Presentation by Prof. John McMillan to Australia Pacific Ombudsman Region meeting in Melbourne

Why is this an issue?

Expansion—demonstrating the relevance and adaptability of the Ombudsman model

Traditionally the core Ombudsman functions have been investigation of individual complaints; and own motion investigation of government administrative actions, particularly issues of systemic importance. Most offices increasingly give greater focus to own motion investigations, primarily because of the more developed system for handling complaints within agencies. This enables the Ombudsman to concentrate more strategically on problem areas in government.

In recent years Ombudsman offices in Australia have been expanding their range of functions – examples include auditing agency records, conducting training seminars for government officers, publishing guides to good decision making and complaint handling, whistleblower protection, review of witness protection, legislative reviews, applying a human rights focus to government oversight, reviewing child abuse incidents and reportable deaths, acquiring an industry Ombudsman role (for example, energy and water), and establishing a regional support network for Ombudsman offices.

The growth in the range of functions now discharged by Ombudsman offices demonstrates the adaptability of the Ombudsman model, and ensures the continuing relevance of Ombudsman offices.

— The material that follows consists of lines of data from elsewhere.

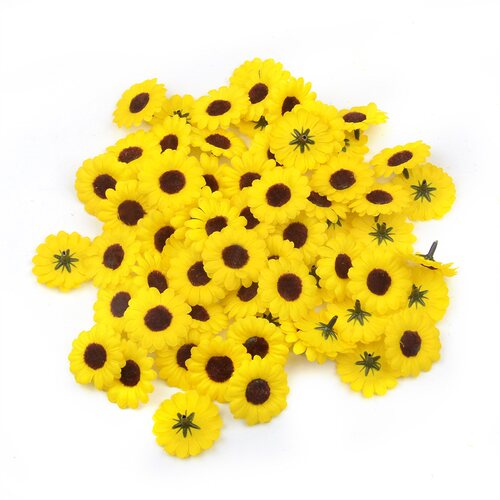 30pcs Mini Silk Sunflower Artificial Daisy Flower Head For W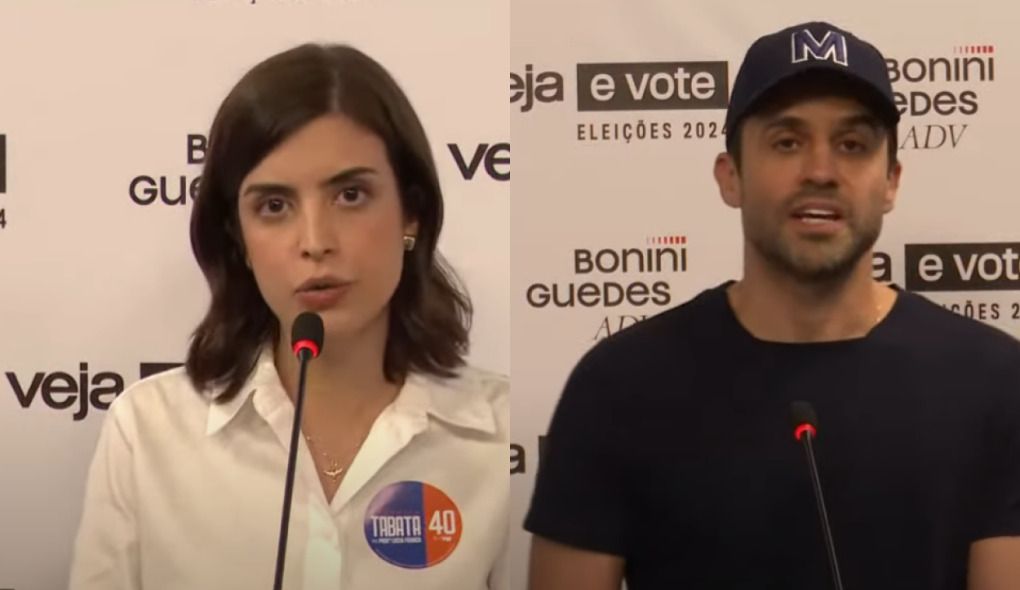 Tabata e Pablo Marçal em debate da Veja  | Reprodução: Redes Sociais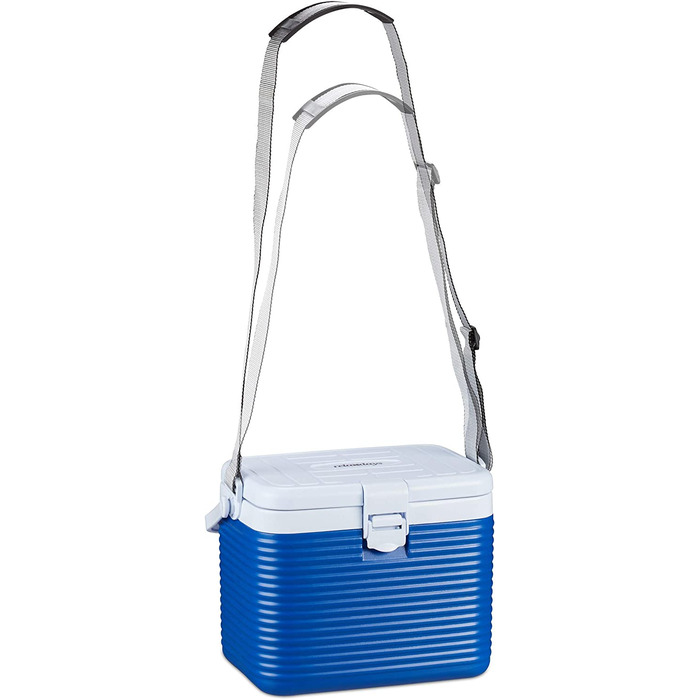 Relaxdays kleine Kühlbox, mit Griff, Tragegurt, Kunststoff Kühltasche, ohne Strom, 8 l, HBT 23,5 x 31 x 21 cm, weiß-blau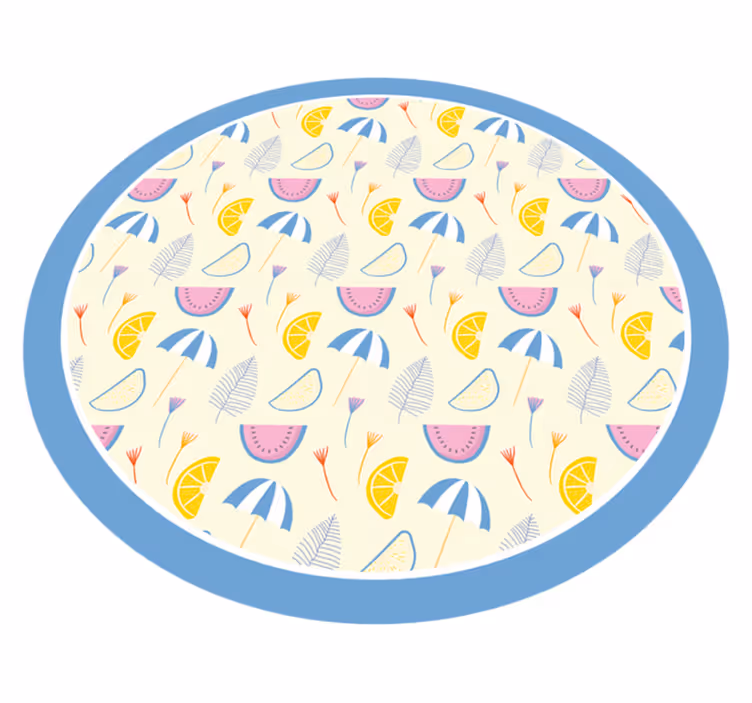 Kleurrijke zomerelementen vinyl tapijt bloemen en planten - TenStickers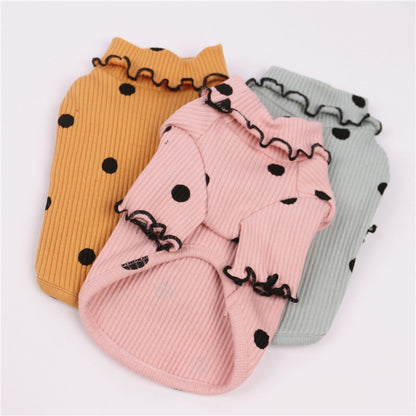 Polka Dot Dog Turtleneck - Cotton Bottoming Shirt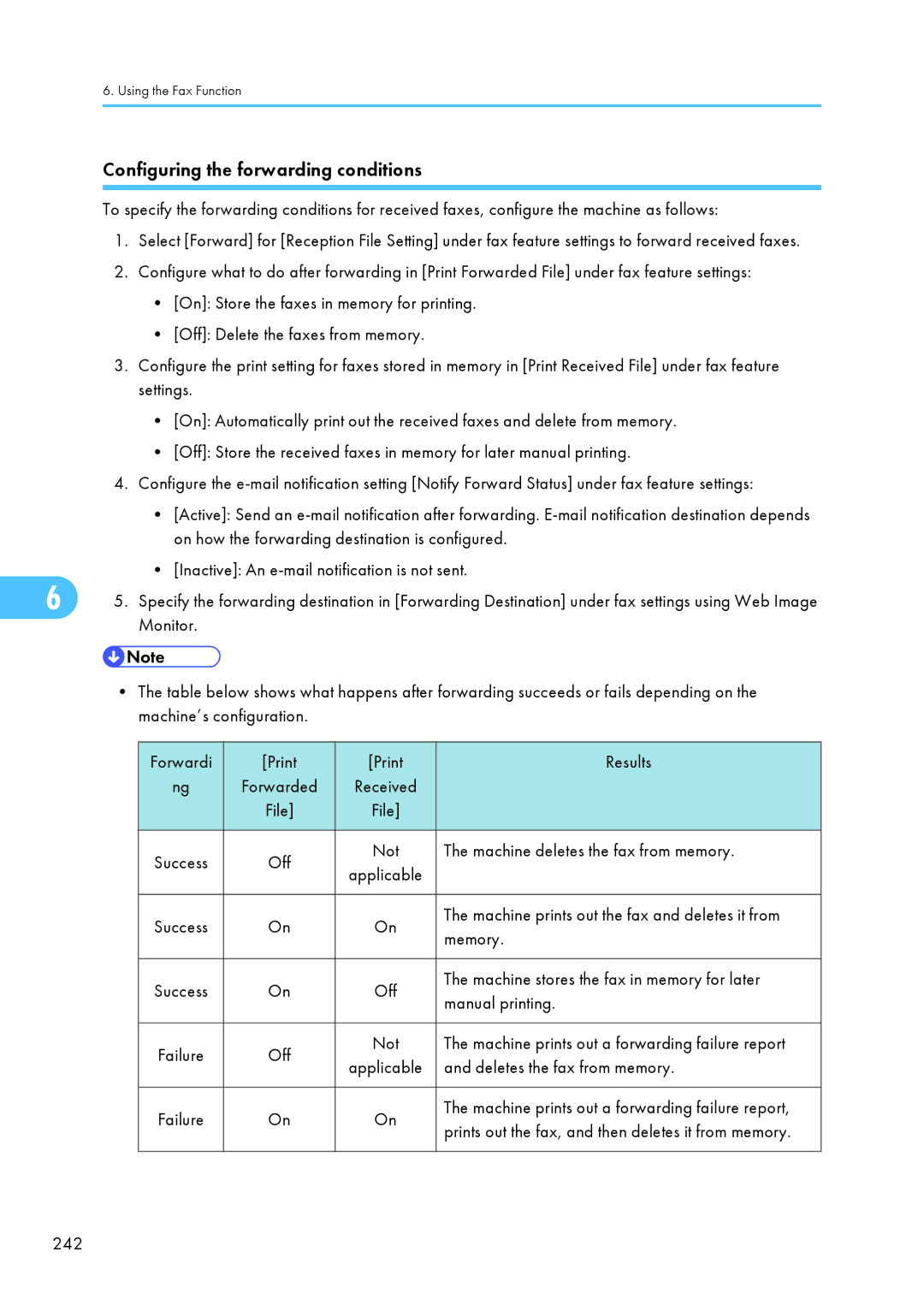 Ricoh C242SF, SP C240SF operating instructions Configuring the forwarding conditions 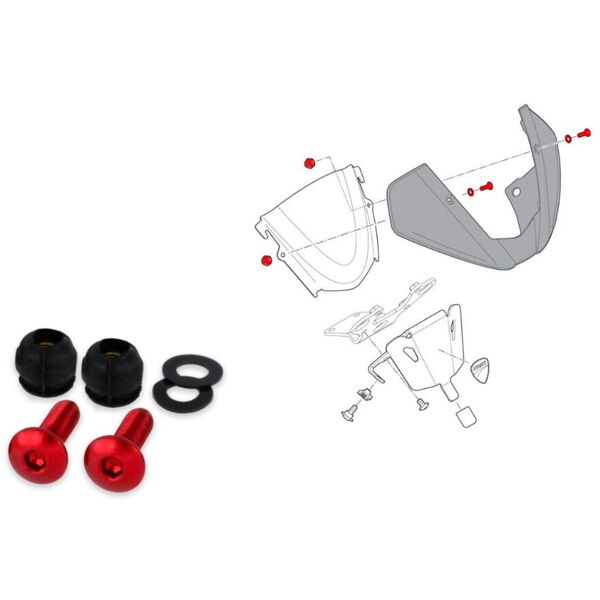 kit viti cupolino originale cnc racing ducati monster 937 2021-2023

Expansion—the key to growth

A perennial concern of Ombudsman offices is their meagre funding, especially as contrasted to the growth in size and functions of the government agencies the Ombudsman oversights. History indicates that Ombudsman offices do not get extra funding and support from government by bleating about their restricted funding. On the other hand, recent developments illustrate that Ombudsman offices will be given extra funding by government if they can demonstrate their ability and effectiveness in discharging new functions. Indeed, a strong theme in contemporary budgetary policy around Australia is that government agencies face annual efficiency dividends that can reduce their core funding, but this can be countered by acquiring a new function that attracts additional funding. The adoption of new functions has been the key to the doubling in size of my own office in recent years.

Getting the model right—the key to Ombudsman success

Though growth and expansion are important, it is equally important that Ombudsman offices do not take on inappropriate functions. Equally, the discharge of new functions should be adapted to align with the essential principles of the Ombudsman model. This is important to the long-term stability of Ombudsman offices. A major reason why Ombudsman offices have been so successful over more than thirty years in Australia in expanding and maintaining their relevance and effectiveness is that they have been careful to ensure that they have maintained a strong focus on adhering to Ombudsman essentials. By contrast, many other oversight bodies have gone through considerable turmoil and restructuring over the last three decades as they have struggled to identify their role in government.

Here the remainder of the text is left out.